Web page caption snippets
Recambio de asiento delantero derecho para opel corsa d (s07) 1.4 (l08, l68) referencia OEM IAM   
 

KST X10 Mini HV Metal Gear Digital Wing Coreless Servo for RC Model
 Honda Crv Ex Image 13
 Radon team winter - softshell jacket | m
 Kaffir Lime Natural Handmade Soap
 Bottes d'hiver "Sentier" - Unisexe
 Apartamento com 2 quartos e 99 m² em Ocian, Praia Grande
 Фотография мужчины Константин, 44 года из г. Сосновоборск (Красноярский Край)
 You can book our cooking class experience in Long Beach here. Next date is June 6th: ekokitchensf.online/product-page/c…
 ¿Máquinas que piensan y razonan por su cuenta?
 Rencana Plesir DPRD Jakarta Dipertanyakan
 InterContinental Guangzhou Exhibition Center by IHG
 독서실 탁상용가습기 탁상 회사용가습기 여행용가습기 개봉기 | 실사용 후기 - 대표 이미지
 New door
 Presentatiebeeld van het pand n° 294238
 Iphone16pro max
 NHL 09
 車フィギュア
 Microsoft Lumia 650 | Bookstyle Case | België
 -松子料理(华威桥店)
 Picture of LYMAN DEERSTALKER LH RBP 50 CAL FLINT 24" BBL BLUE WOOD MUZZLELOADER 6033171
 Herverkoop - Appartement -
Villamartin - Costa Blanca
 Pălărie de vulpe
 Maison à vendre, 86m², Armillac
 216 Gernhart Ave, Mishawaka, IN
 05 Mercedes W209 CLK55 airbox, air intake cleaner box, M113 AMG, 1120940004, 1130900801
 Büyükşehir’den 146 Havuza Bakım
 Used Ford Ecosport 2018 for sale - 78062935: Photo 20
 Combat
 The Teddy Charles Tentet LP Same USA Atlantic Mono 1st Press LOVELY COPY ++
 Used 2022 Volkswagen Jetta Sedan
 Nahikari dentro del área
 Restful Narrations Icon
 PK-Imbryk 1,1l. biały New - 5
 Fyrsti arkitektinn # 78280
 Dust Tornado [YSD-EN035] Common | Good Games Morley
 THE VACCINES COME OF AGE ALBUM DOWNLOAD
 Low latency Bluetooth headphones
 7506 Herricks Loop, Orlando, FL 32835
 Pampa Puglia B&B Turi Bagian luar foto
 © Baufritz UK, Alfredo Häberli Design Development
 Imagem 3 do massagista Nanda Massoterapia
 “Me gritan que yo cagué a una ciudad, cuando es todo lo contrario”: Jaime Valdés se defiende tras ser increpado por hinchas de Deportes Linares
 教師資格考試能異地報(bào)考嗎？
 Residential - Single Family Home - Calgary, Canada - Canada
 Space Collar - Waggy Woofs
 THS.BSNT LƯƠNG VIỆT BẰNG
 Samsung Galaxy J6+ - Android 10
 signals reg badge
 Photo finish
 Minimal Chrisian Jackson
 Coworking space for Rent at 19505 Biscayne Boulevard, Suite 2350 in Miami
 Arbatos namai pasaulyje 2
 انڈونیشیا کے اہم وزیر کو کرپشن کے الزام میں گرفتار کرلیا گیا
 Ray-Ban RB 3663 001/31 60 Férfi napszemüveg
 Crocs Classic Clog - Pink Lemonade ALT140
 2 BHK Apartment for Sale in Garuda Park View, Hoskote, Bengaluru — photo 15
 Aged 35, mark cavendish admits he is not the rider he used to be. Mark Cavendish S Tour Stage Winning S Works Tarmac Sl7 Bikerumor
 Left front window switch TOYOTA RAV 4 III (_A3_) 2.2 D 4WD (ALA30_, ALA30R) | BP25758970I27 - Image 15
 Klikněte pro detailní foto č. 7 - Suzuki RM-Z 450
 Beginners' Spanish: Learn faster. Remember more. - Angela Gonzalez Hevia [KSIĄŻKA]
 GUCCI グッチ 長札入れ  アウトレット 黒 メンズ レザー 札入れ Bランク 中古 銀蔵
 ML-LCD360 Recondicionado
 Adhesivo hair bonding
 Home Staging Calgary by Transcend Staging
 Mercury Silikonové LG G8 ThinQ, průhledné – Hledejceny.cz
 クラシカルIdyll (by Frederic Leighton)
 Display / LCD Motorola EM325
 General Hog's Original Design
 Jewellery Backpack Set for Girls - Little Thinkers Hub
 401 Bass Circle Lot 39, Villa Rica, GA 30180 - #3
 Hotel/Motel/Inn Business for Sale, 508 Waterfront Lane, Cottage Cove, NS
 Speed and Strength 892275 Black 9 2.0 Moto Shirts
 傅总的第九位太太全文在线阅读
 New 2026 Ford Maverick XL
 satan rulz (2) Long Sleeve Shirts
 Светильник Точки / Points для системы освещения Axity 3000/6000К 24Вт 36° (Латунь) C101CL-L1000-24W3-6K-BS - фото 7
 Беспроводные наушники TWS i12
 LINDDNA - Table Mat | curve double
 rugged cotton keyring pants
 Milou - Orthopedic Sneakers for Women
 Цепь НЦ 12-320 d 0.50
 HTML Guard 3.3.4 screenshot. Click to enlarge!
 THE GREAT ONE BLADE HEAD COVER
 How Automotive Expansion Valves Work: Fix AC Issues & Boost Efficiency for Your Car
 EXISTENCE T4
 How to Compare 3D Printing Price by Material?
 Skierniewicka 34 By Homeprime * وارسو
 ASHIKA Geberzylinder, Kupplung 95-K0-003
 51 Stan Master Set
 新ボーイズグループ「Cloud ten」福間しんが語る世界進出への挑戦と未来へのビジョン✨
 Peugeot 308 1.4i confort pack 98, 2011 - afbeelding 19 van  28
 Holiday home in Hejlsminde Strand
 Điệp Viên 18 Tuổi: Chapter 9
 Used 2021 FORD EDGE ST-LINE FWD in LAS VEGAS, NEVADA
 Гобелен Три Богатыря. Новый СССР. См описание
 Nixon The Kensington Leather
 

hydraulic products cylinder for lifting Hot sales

TASK:
Copy the lines of the data above exactly as written, beginning with the line containing "05 Mercedes W209" and ending with the line containing "The Teddy Charles", and leave out all other lines.

WRITTEN ANSWER:
 05 Mercedes W209 CLK55 airbox, air intake cleaner box, M113 AMG, 1120940004, 1130900801
 Büyükşehir’den 146 Havuza Bakım
 Used Ford Ecosport 2018 for sale - 78062935: Photo 20
 Combat
 The Teddy Charles Tentet LP Same USA Atlantic Mono 1st Press LOVELY COPY ++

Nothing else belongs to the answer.